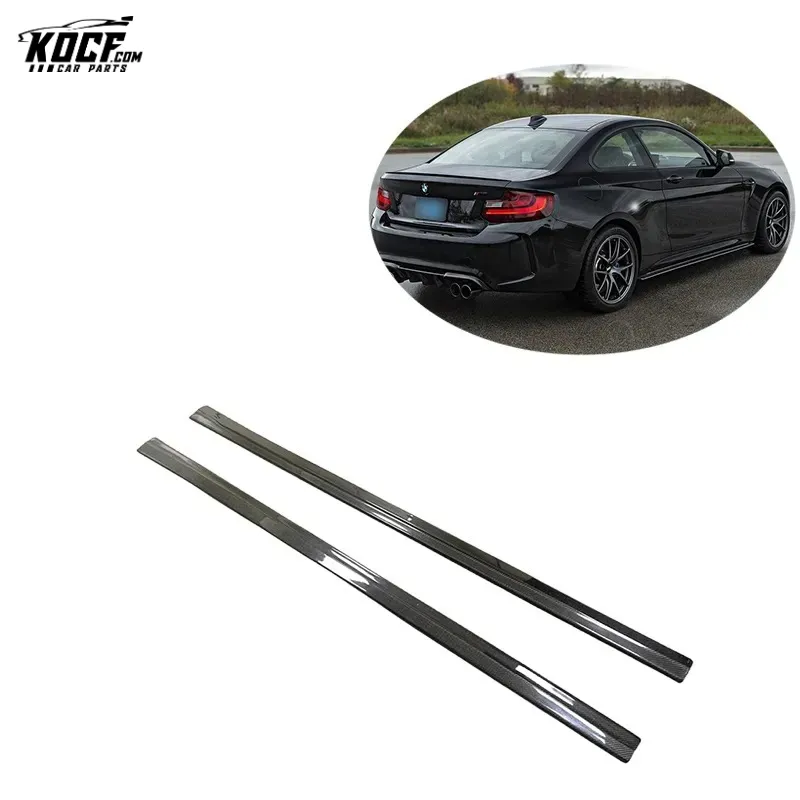 2016-2019 Flat shape Style Carbon Fiber Side Skirts Rocker Panels Side Trim Spoiler Car Styling For BMW F87 M2 M2C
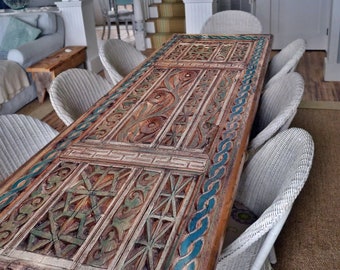 Hand-carved Solid Wood Dining Table, Custom Size Rustic Barn wood Table, Farmhouse Table, Kitchen island, Dining Room Furniture, Side Table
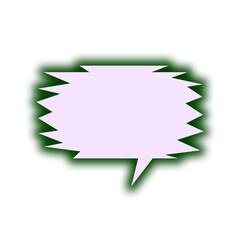 Angry jagged speech bubble in dark green with light purple fill, comic style graphic element for communication and expression of strong emotions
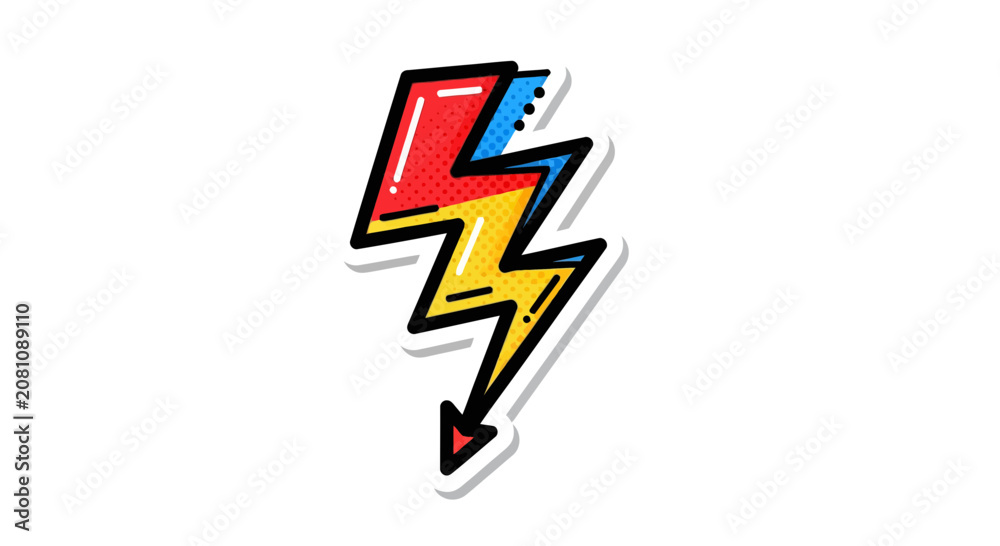 Obraz premium Comic Style Lightning Bolt Sticker Vector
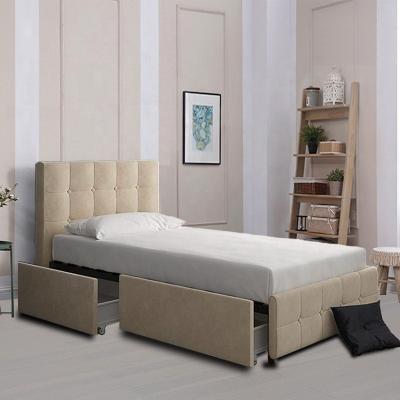 China Latest Design High Quality Single Bed Storage Modern Single Upholstered Storage Bed for sale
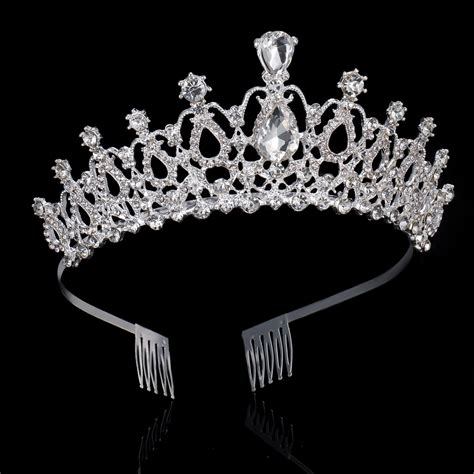 taihexin birthday crowns for women elegant princess crystal crown queen crown with combs
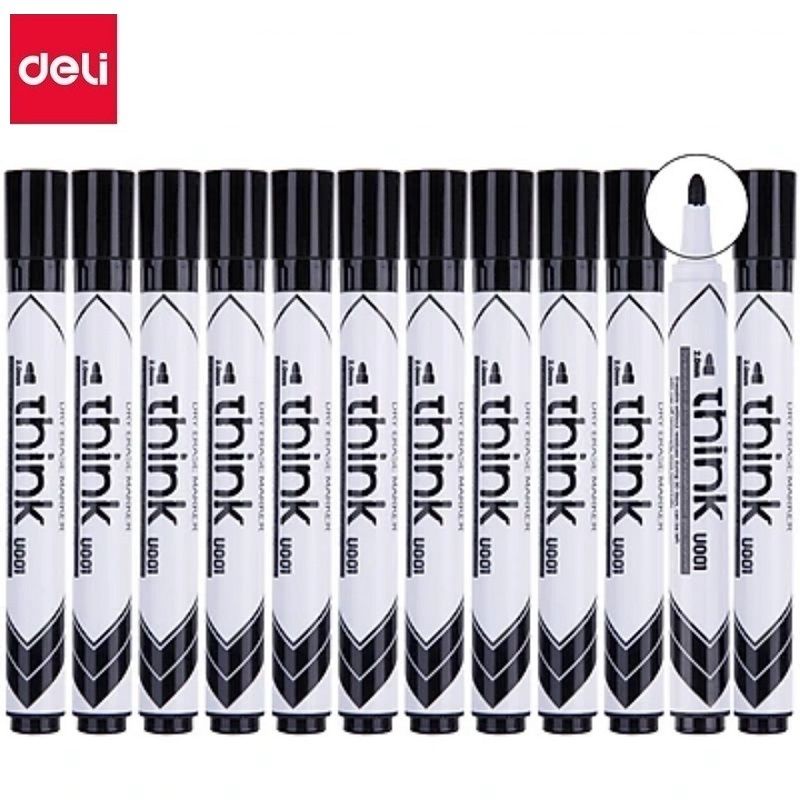Hộp 12 cây bút dạ viết bảng xóa được Deli - EU 00120 / 00130 / 00140 - Màu đen/xanh/đỏ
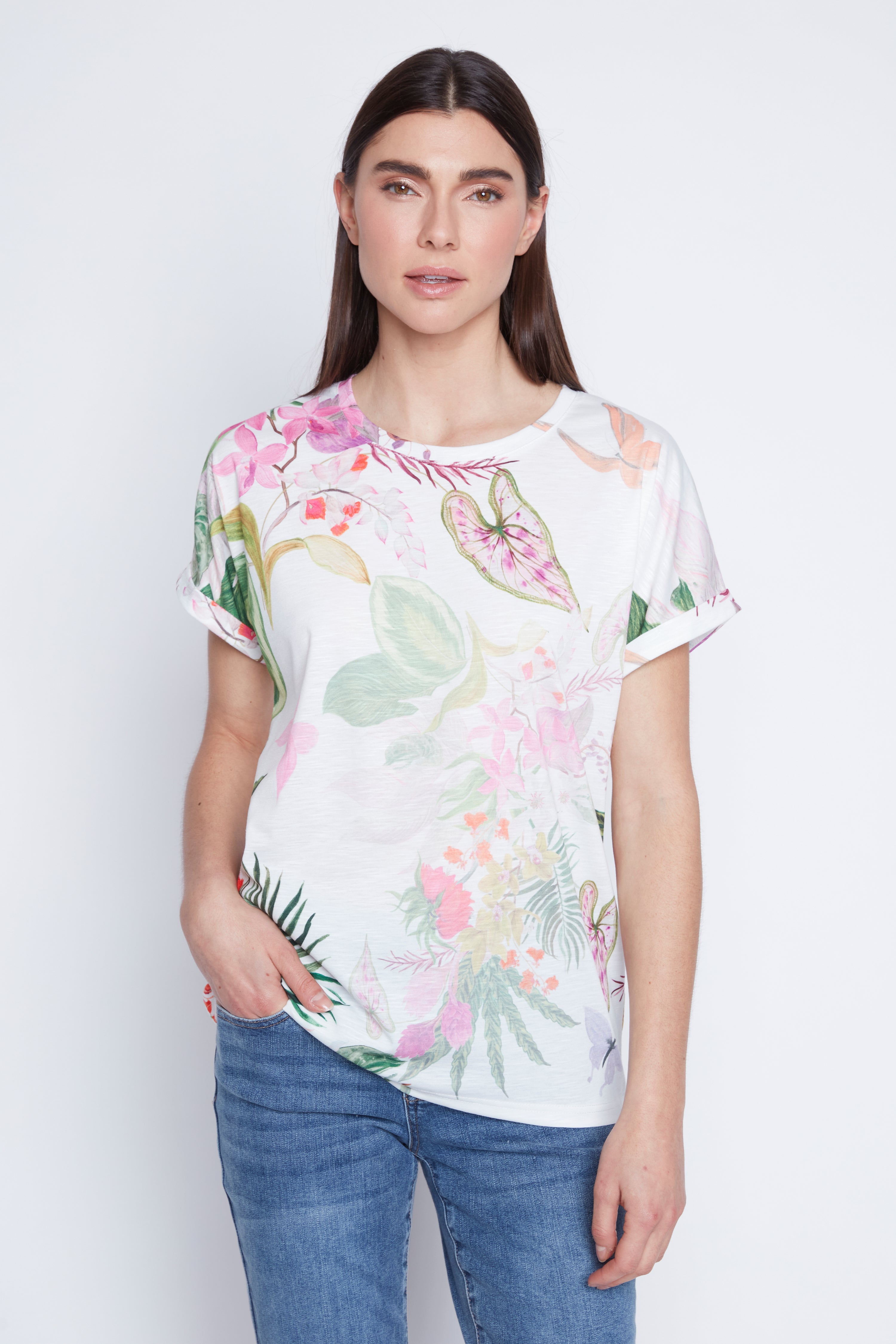 Tropical print t-shirt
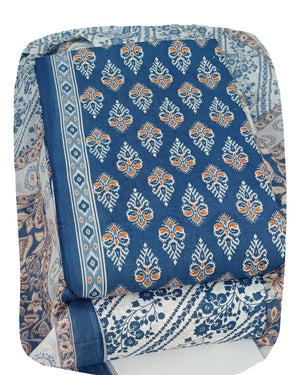 DRAVINAM Trends Jaipuri Print Cambric Cotton Unstitched Salwar Suit Dress Material for Women with Mulmul Cotton Dupatta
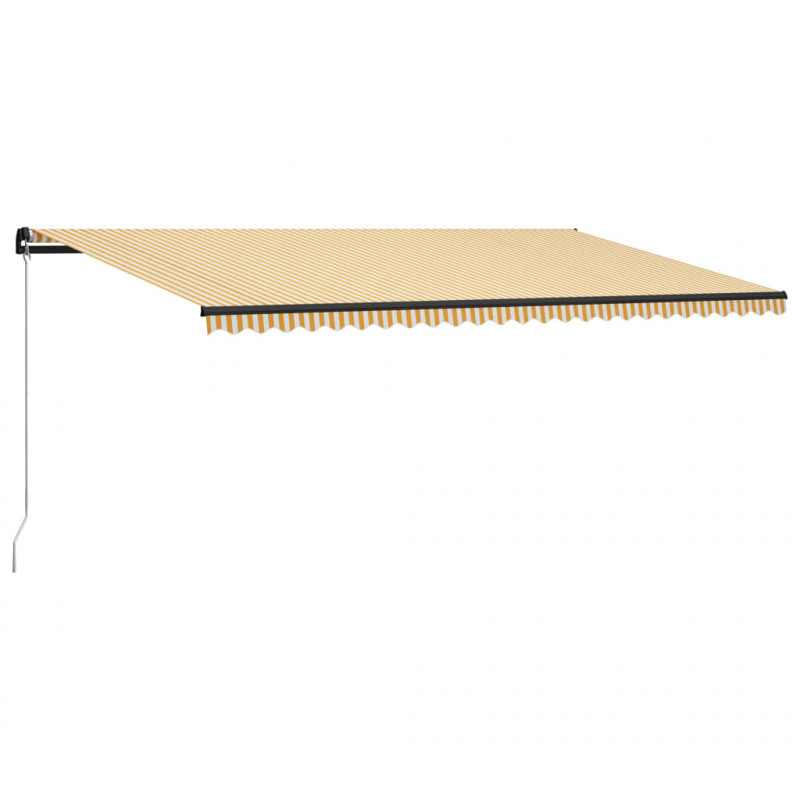 Ręcznie zwijana markiza, 600 x 300 cm, żółto-biała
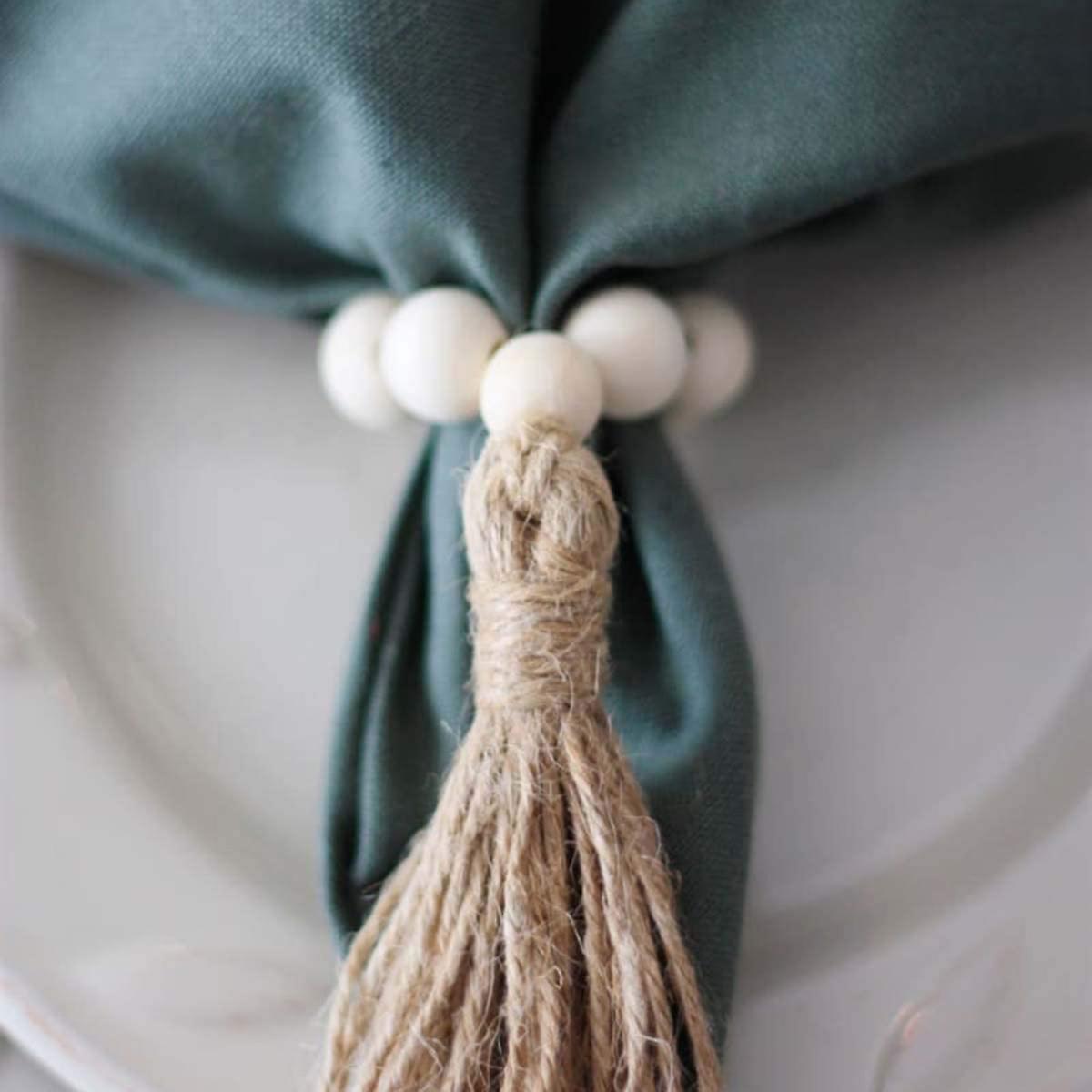 8pcs Tassels Wooden Bead Handmade Napkin Buckles Farmhouse White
◆ ◆ ◆
Task item: Each line from the start of the entries through the line with "Hand-carved Solid Wood" is to be restated exactly, and the pictures are to be skipped.

Response to the exercise:
 2016-2019 Flat shape Style Carbon Fiber Side Skirts Rocker Panels Side Trim Spoiler Car Styling For BMW F87 M2 M2C
 Hand-carved Solid Wood Dining Table, Custom Size Rustic Barn wood Table, Farmhouse Table, Kitchen island, Dining Room Furniture, Side Table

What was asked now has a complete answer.